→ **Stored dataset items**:
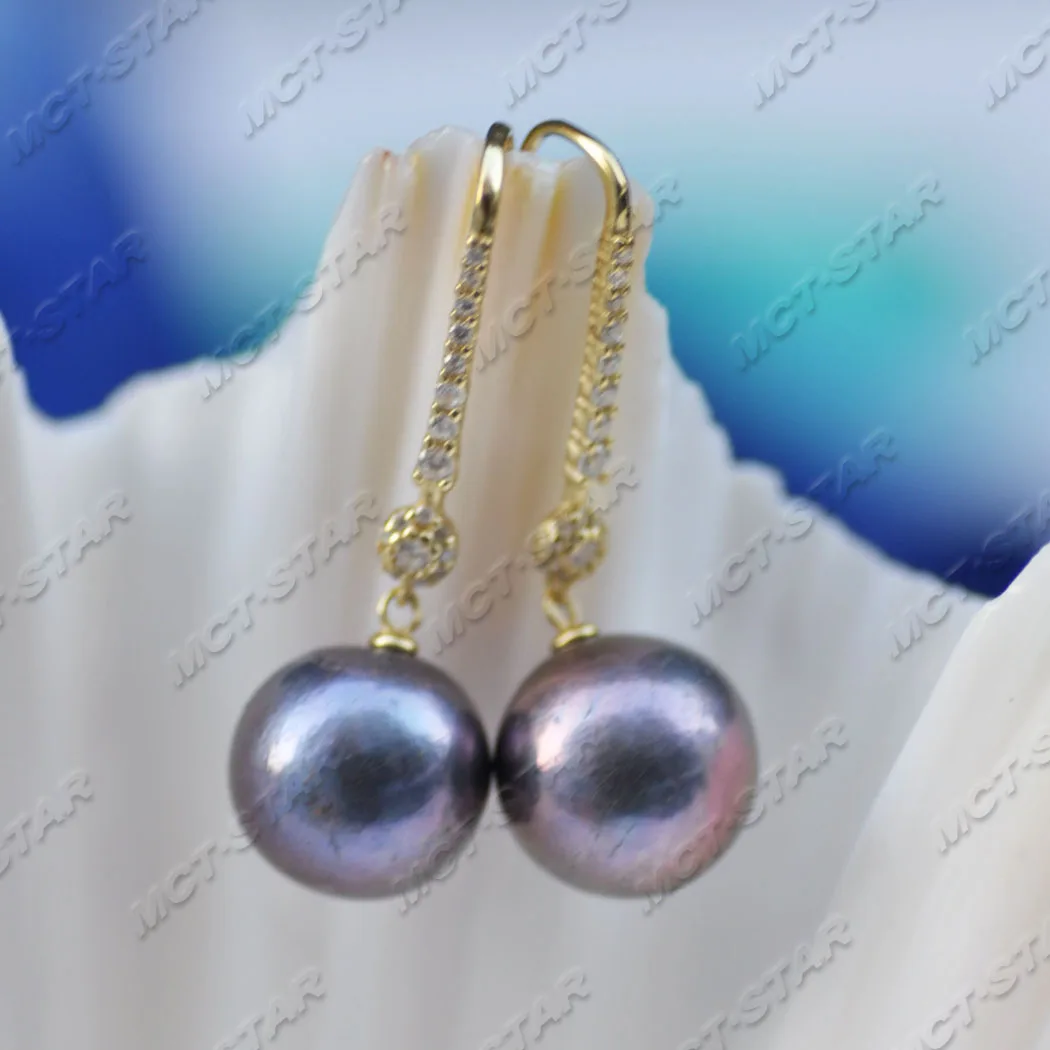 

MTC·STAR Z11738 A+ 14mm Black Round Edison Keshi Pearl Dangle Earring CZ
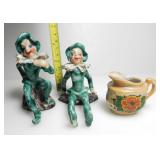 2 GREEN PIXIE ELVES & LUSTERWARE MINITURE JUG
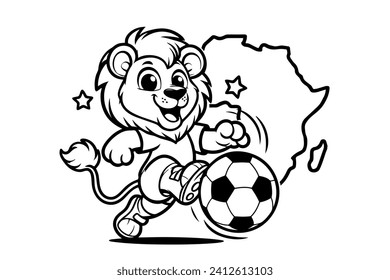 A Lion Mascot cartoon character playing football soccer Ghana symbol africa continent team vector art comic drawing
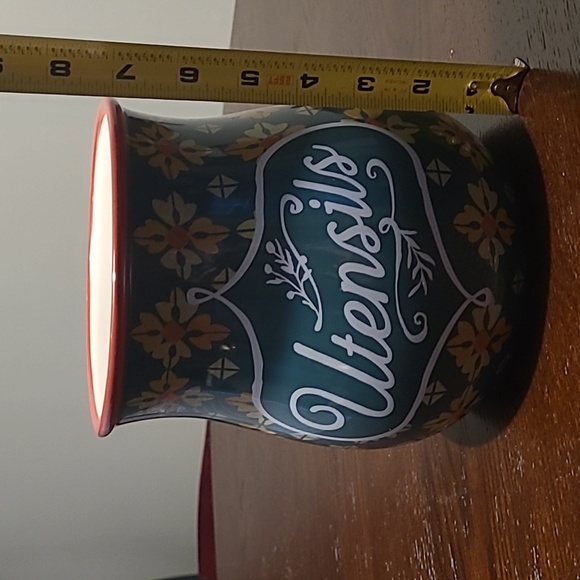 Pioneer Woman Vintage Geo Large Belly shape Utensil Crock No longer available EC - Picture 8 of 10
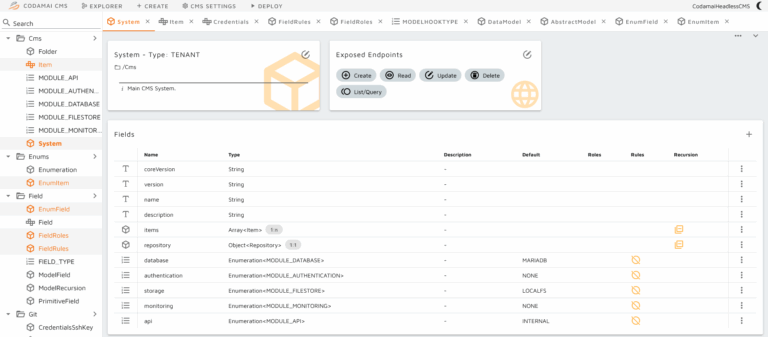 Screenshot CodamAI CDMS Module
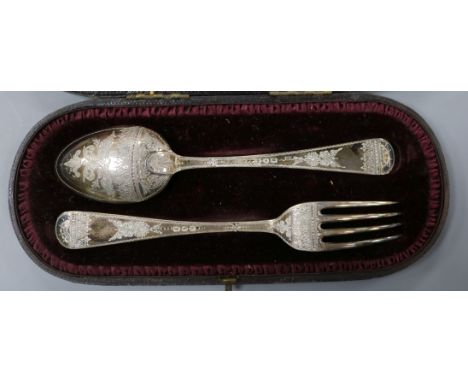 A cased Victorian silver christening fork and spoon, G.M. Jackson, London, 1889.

==

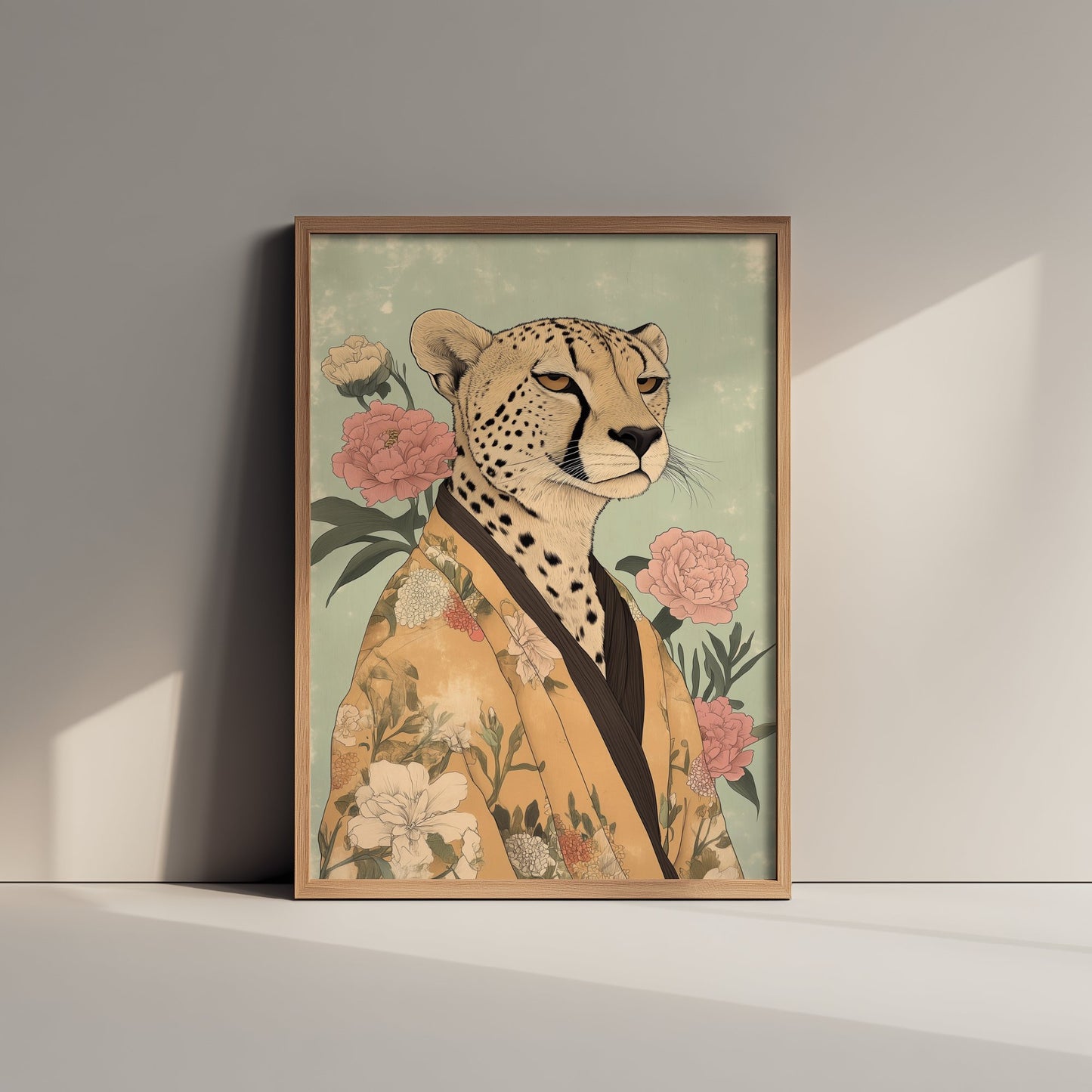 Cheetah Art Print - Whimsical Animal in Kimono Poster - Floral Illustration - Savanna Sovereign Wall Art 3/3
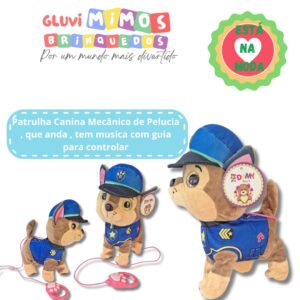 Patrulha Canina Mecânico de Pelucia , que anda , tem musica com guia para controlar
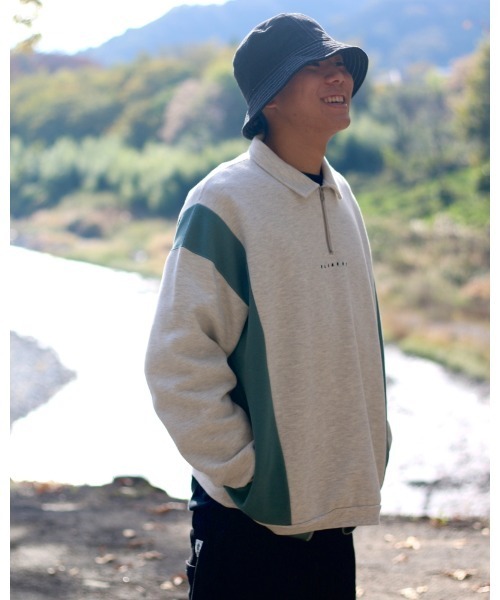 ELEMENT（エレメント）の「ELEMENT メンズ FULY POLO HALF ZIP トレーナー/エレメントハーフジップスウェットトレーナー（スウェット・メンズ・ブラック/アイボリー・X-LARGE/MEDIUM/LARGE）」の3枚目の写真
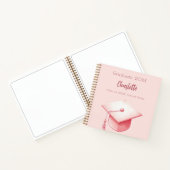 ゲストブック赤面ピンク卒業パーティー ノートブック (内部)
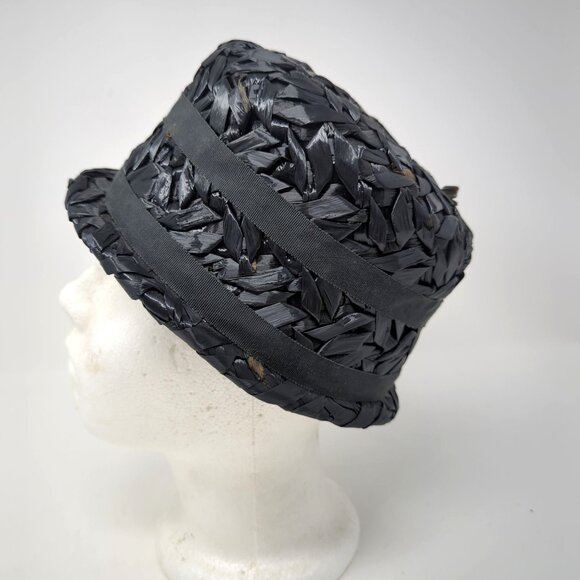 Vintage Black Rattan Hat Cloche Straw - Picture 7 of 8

→ **WORK TO COMPLETE**: Your task is to copy only the lines above starting at the one containing "2 GREEN PIXIE" and ending at the one containing "A cased Victorian". Copy them exactly, both ends included, and omit the pictures.

→ **REPLY TO THE EXERCISE**:
 2 GREEN PIXIE ELVES & LUSTERWARE MINITURE JUG
 A Lion Mascot cartoon character playing football soccer Ghana symbol africa continent team vector art comic drawing
 Pioneer Woman Vintage Geo Large Belly shape Utensil Crock No longer available EC - Picture 8 of 10
 Screenshot CodamAI CDMS Module
 A cased Victorian silver christening fork and spoon, G.M. Jackson, London, 1889.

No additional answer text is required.